[Data to process]
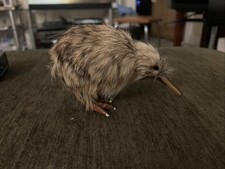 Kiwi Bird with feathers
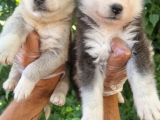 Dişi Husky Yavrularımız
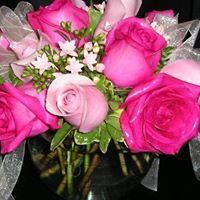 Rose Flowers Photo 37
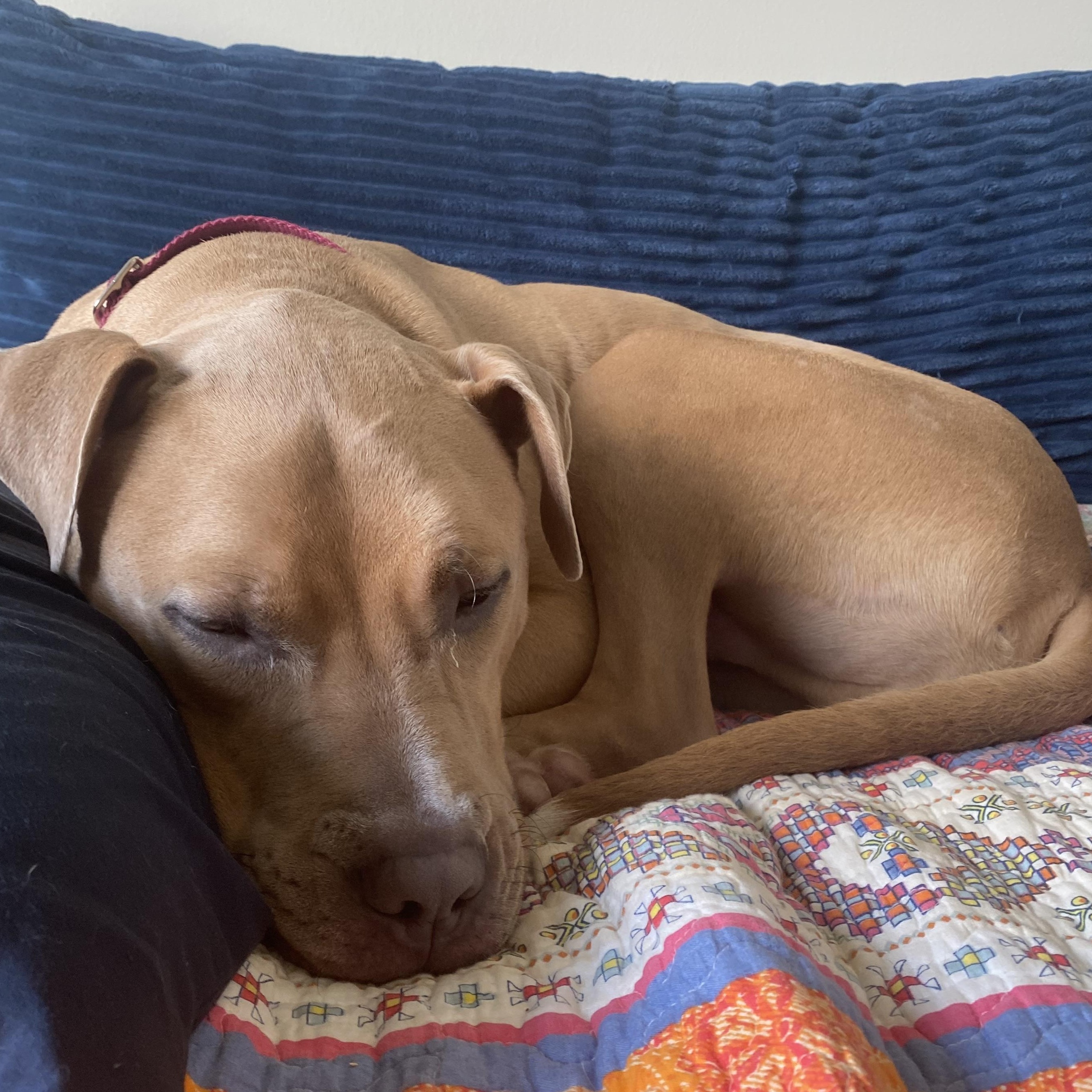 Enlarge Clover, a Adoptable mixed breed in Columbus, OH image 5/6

...

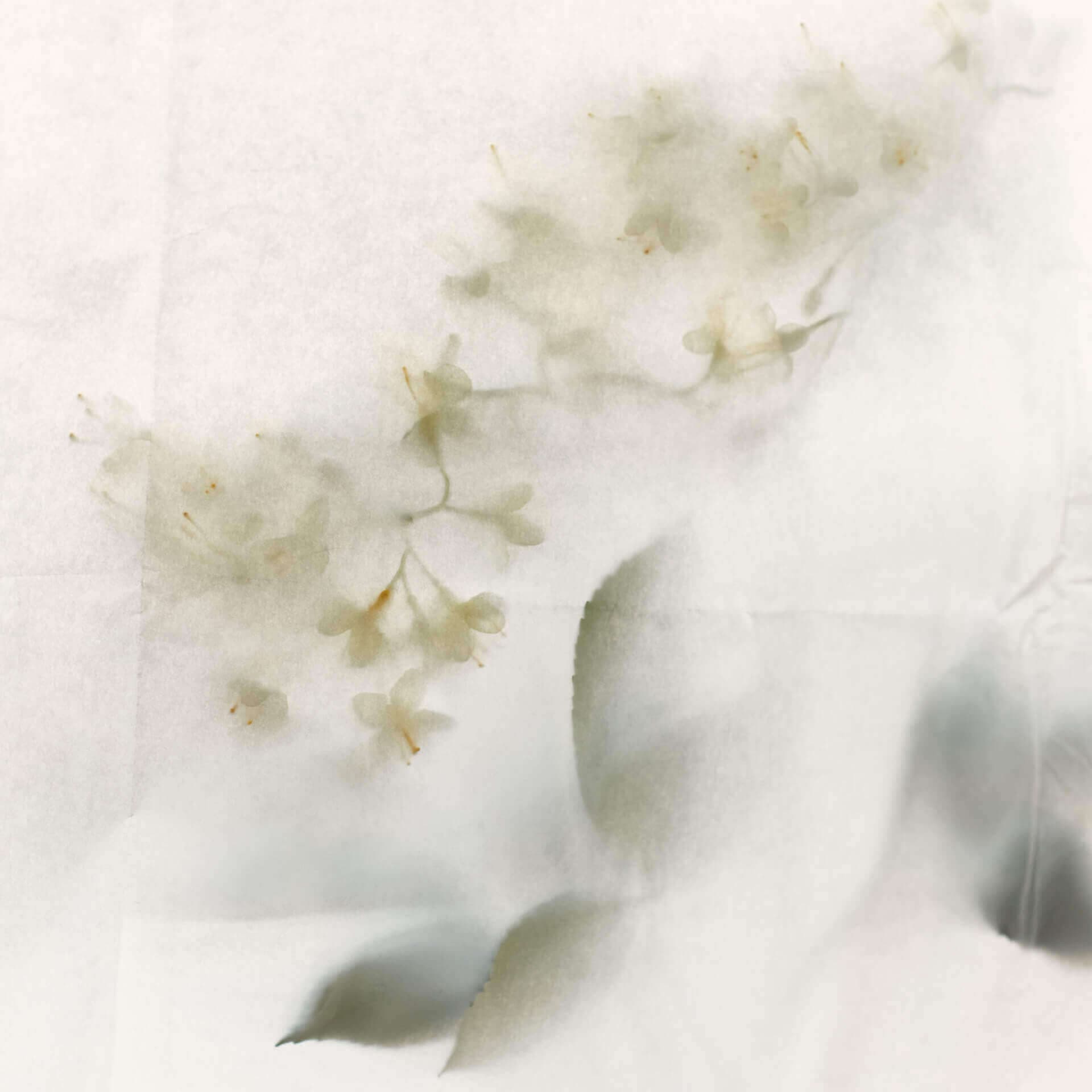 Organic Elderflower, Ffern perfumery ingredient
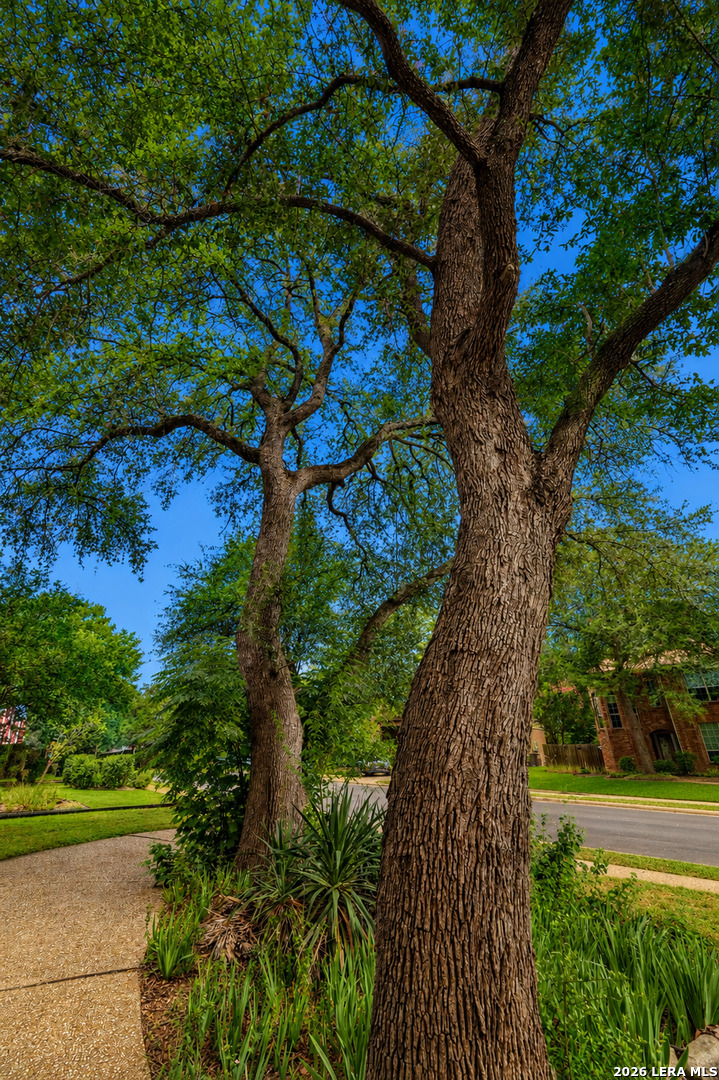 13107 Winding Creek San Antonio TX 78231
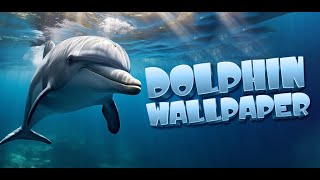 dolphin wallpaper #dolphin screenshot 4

---

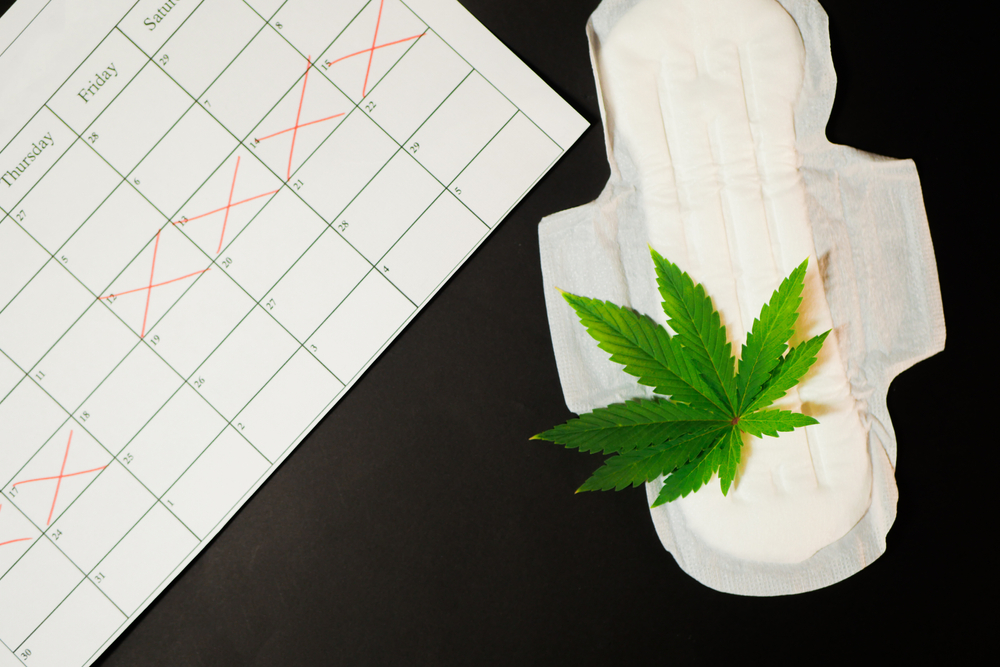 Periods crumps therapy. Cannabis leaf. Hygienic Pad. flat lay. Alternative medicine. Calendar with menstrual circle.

[Work request] Go back to the listing above and write out the lines starting at the one with "Dişi Husky Yavrularımız" and ending at the one with "Enlarge Clover, a", inclusive, exactly and without pictures.

[Exercise response]
 Dişi Husky Yavrularımız
 Rose Flowers Photo 37
 Enlarge Clover, a Adoptable mixed breed in Columbus, OH image 5/6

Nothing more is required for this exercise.